- Information provided -
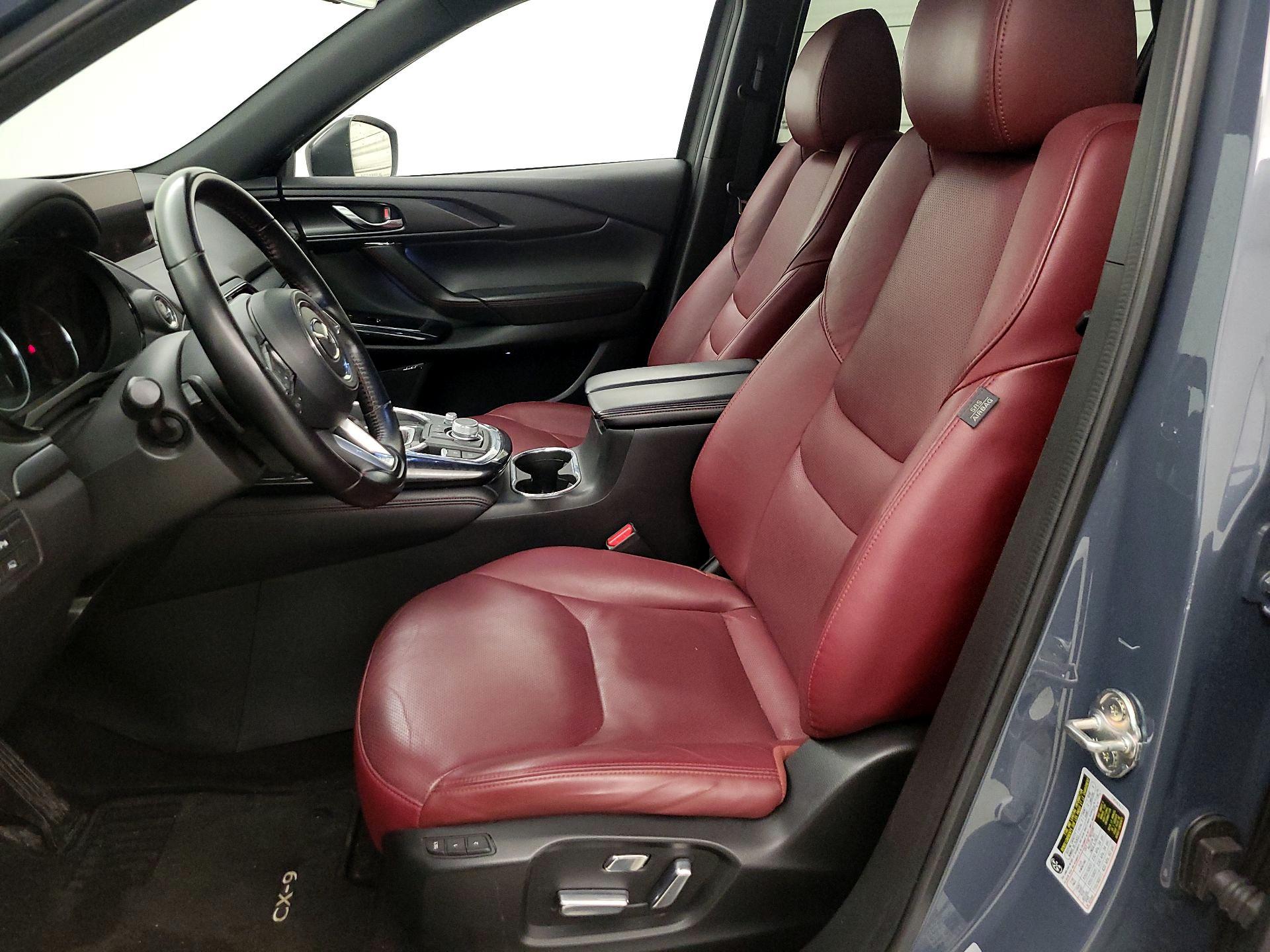 Thumbnail: 2023 Mazda CX-9 - 11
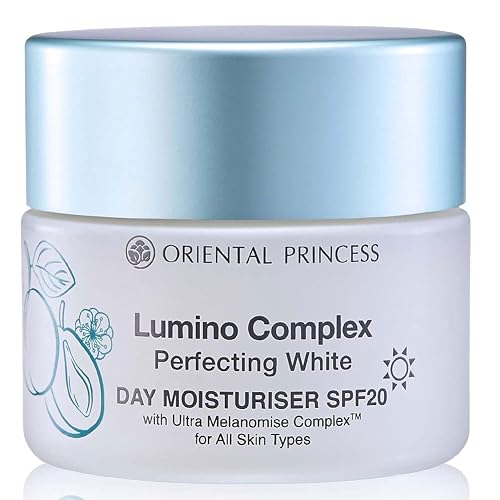 Oriental Princess Lumino Complex Perfecting White Day Moisturiser SPF20 50 Gram. Beauty & Personal Care Oriental Princess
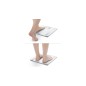 Soehnle Shape Sense Control 200 Badevægte Sølv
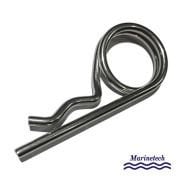 Paslanmaz R Çatal Pim Çeşitleri, DIN11024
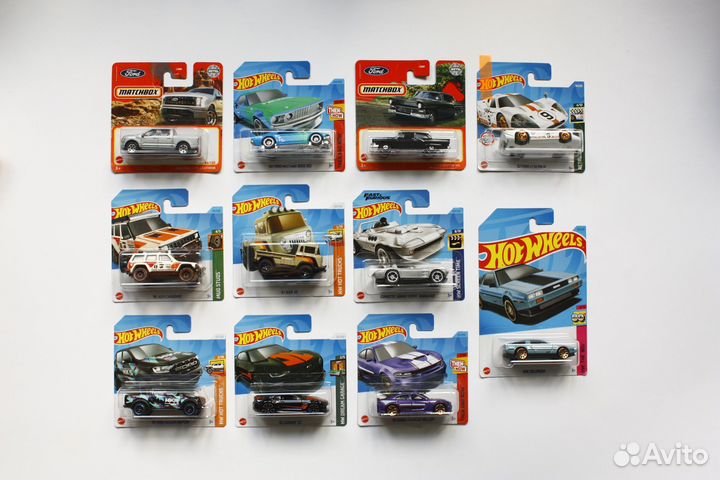 Hot wheels америка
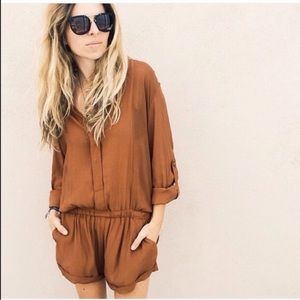 Cleobella Other - Cleobella romper brand new. Last one! Cleobella Other - Cleobella romper brand new. Last one!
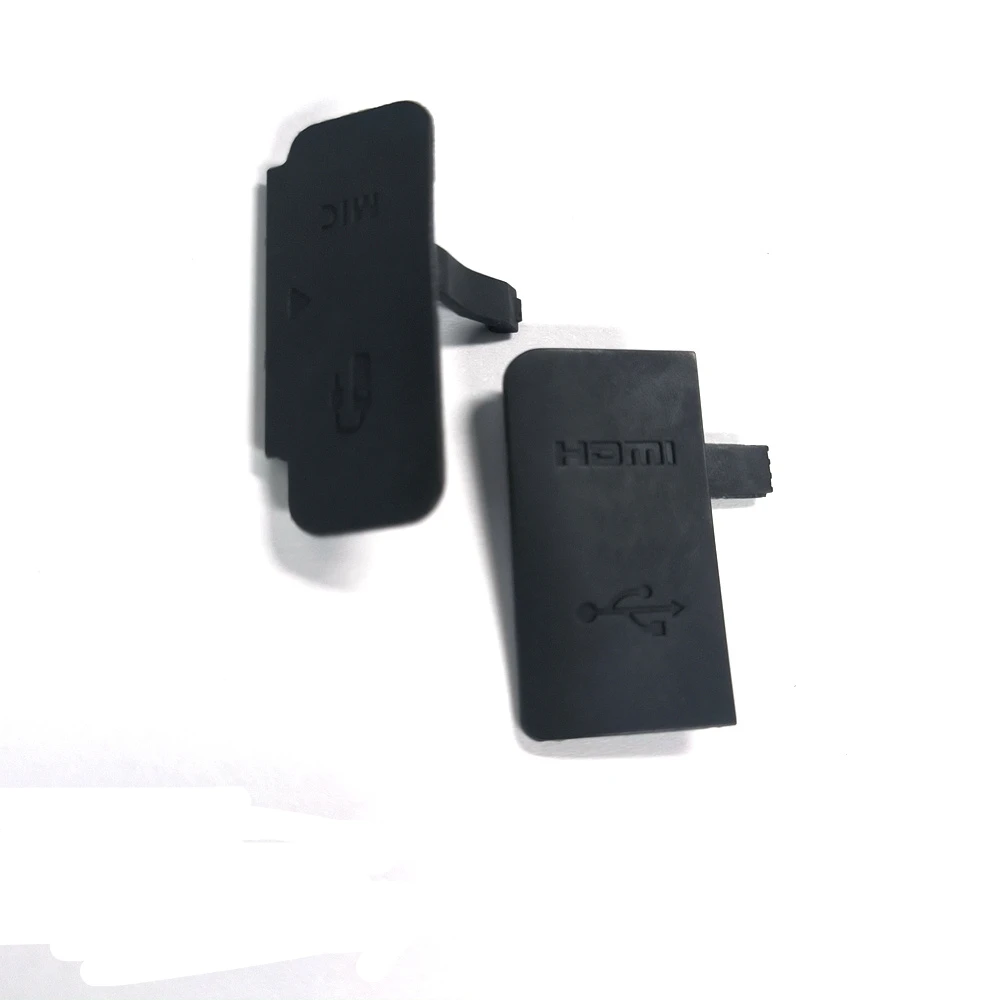 ใหม่ USB/รองรับ HDMI DC IN/VIDEO OUT ยางประตูด้านล่างสําหรับ CANON EOS 200D 250D Mark II ดิจิตอลส่วนกล้อง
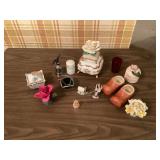 Decorative collectibles and gifts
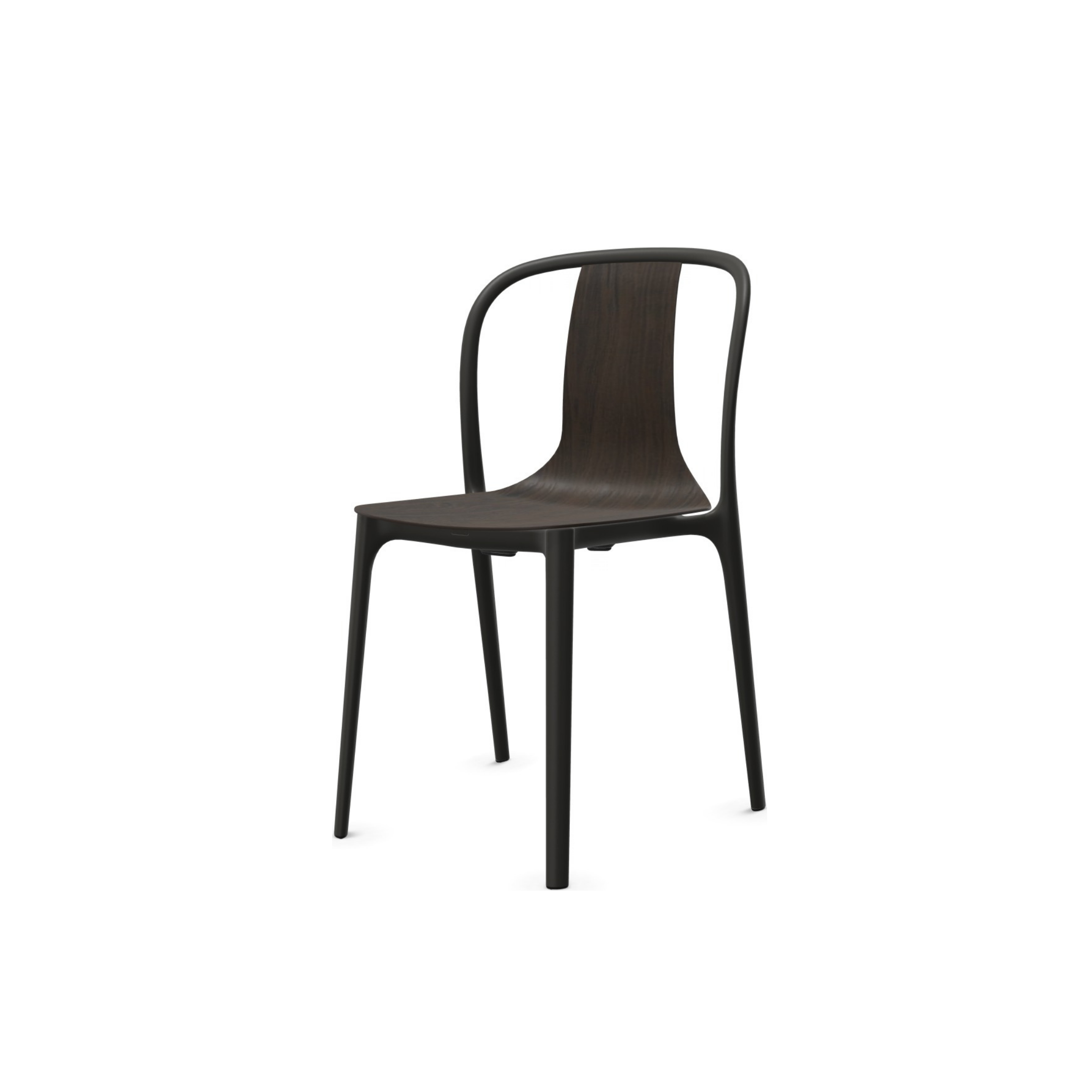 Belleville Chair Wood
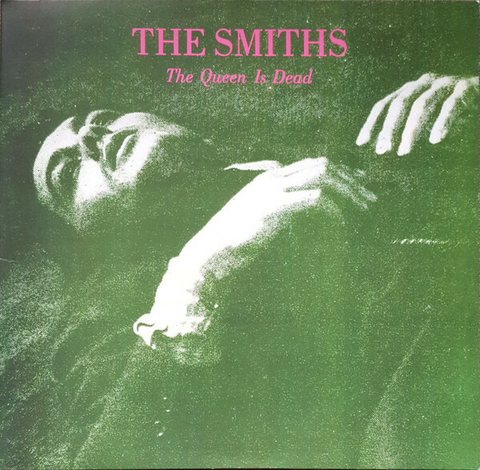 The Smiths - The Queen Is Dead (reedição lacrado)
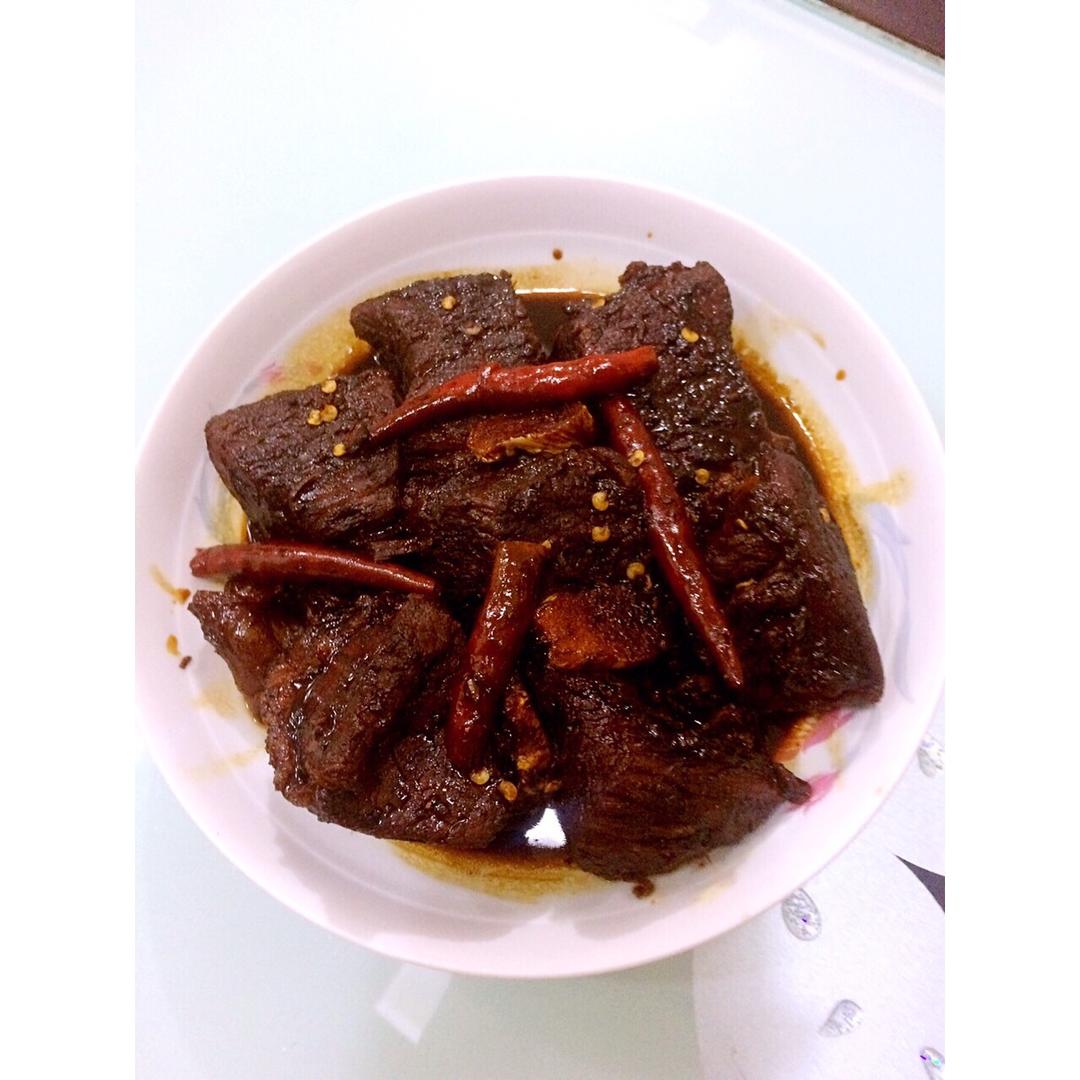 烤牛肉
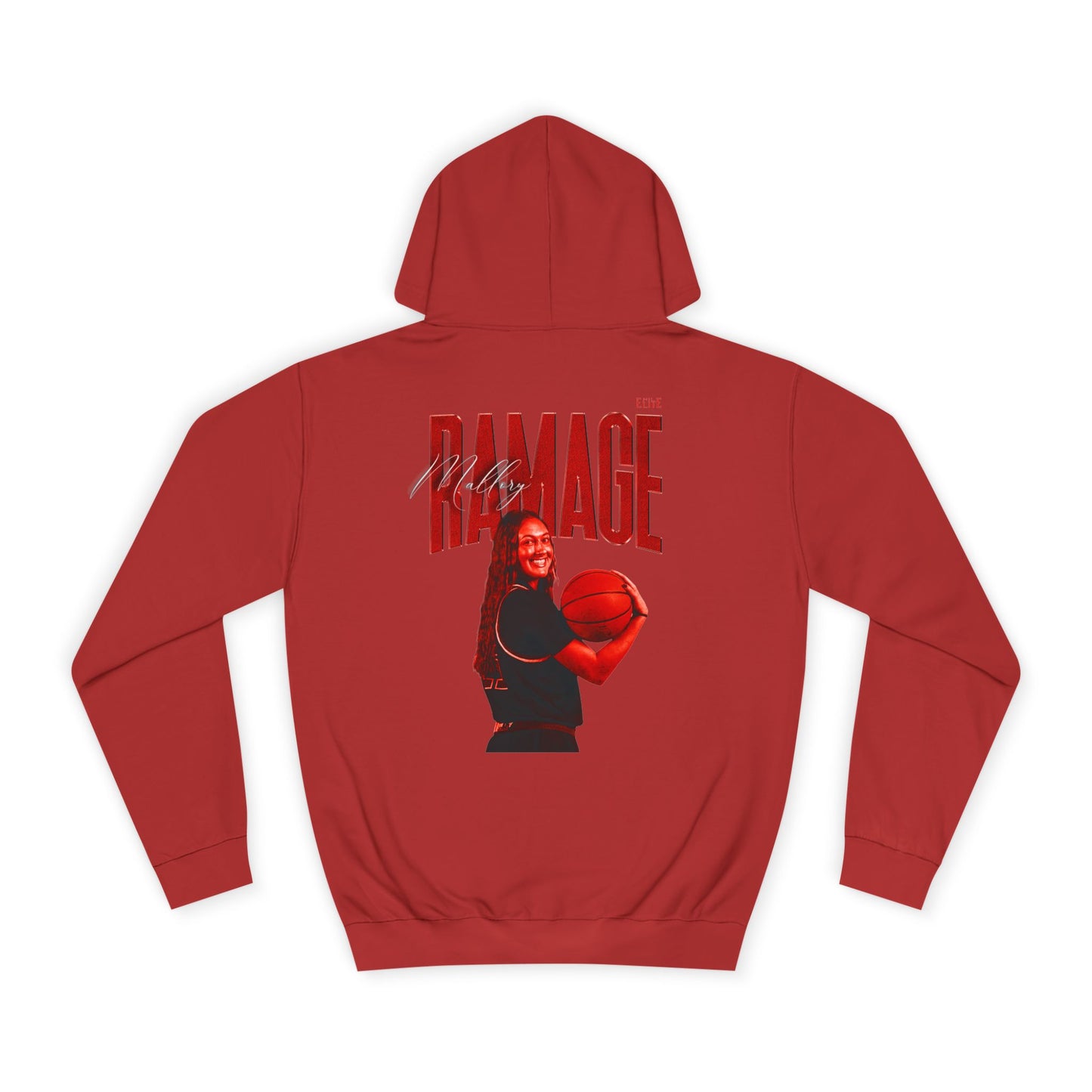 Mallory Ramage Faded Glory Premium Hoodie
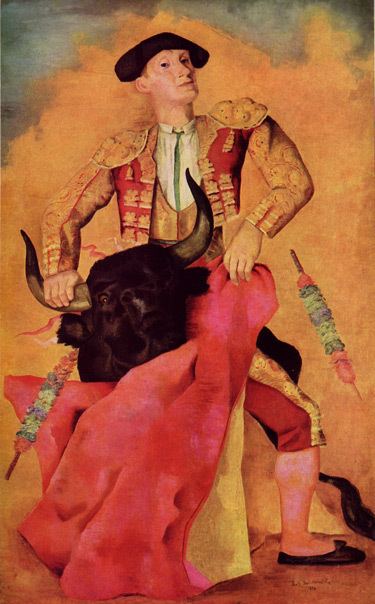Sidney Franklin (bullfighter) Ernest Hemingway Pablo Casals Robert Flaherty Claude Bowers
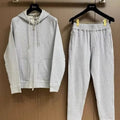 Dior Hoodie and Celine Jogger Pants Set [2 styles]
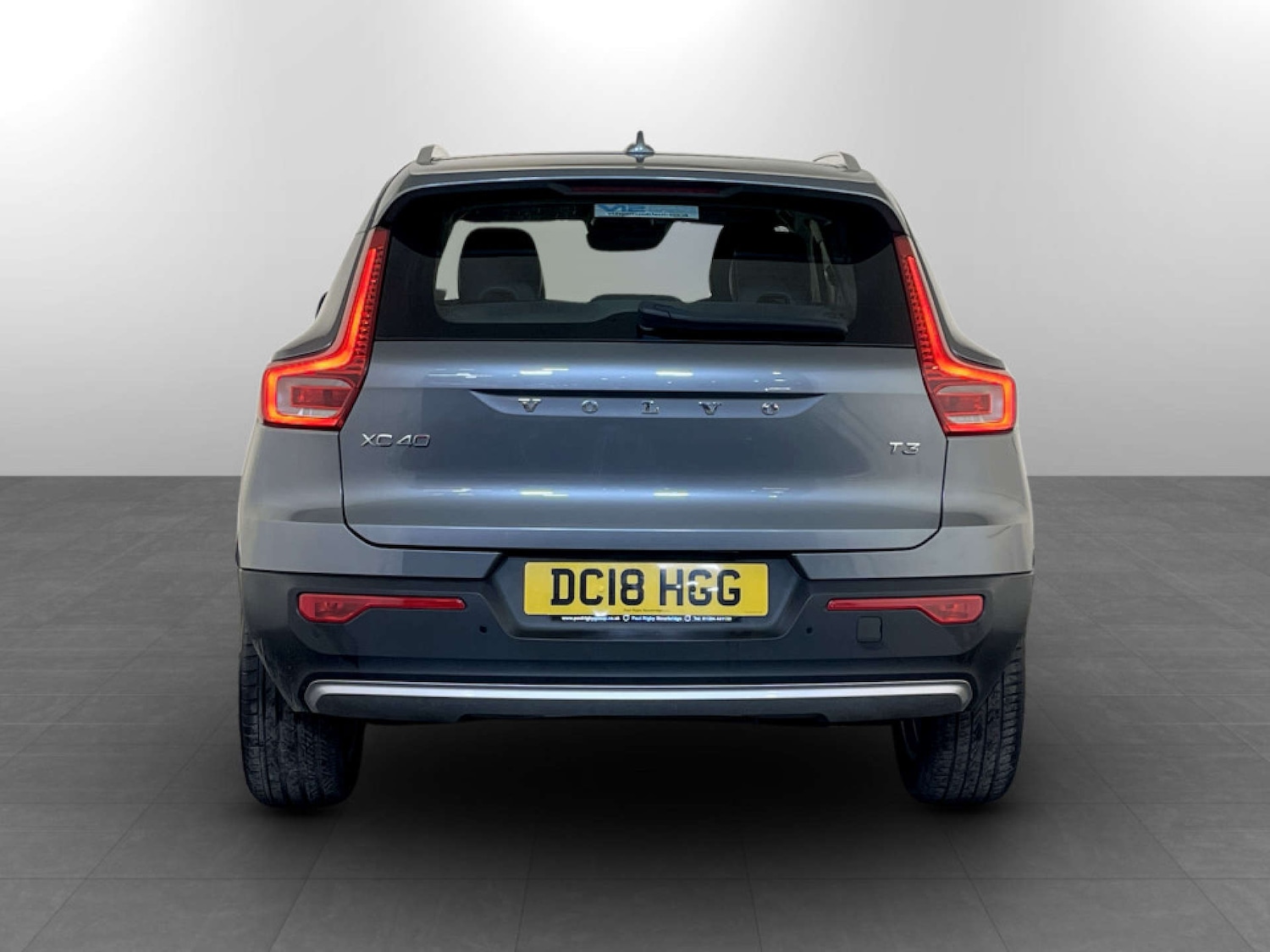 Used Volvo XC40 2018 for sale - 77185957: Photo 9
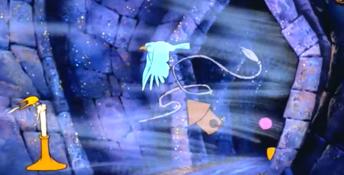 Dragons Lair Atari Jaguar Screenshot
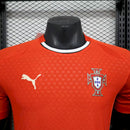 Camisa Portugal Home 25/26 - Puma Jogador Masculina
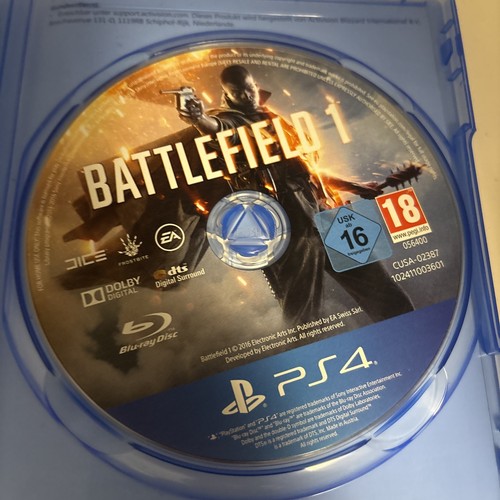 Battlefield sony - 1, (sony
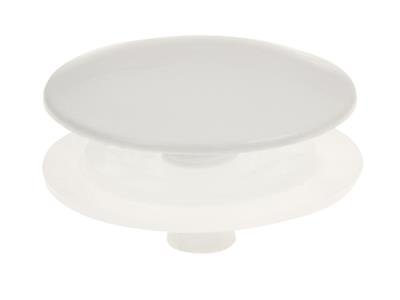 ACCESS Tap Hole Stopper with Lock Nut WHITE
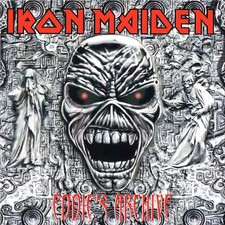 Iron Maiden Eddie's Archive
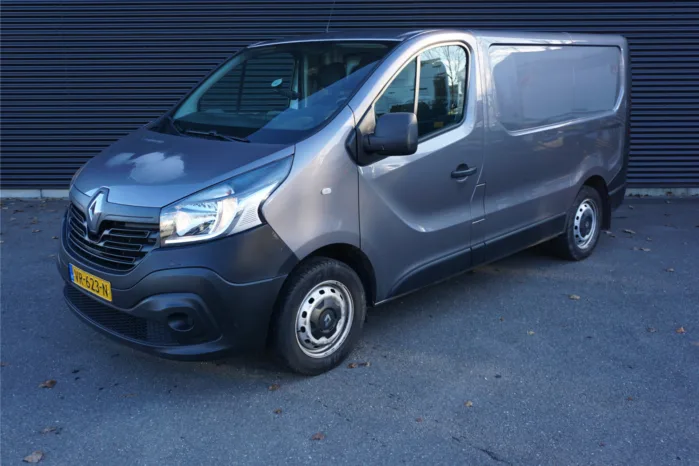 Renault Trafic 90pk L1H1 Générique Airco Trekhaak Parkeersensoren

- What is needed -
Starting with the first line of the data above and ending with the line containing "Last one! Cleobella", please restate every line exactly, leaving images out.

- Answer for this exercise -
 Thumbnail: 2023 Mazda CX-9 - 11
 Oriental Princess Lumino Complex Perfecting White Day Moisturiser SPF20 50 Gram. Beauty & Personal Care Oriental Princess
 Soehnle Shape Sense Control 200 Badevægte Sølv
 Paslanmaz R Çatal Pim Çeşitleri, DIN11024
 Hot wheels америка
 Cleobella Other - Cleobella romper brand new. Last one! Cleobella Other - Cleobella romper brand new. Last one!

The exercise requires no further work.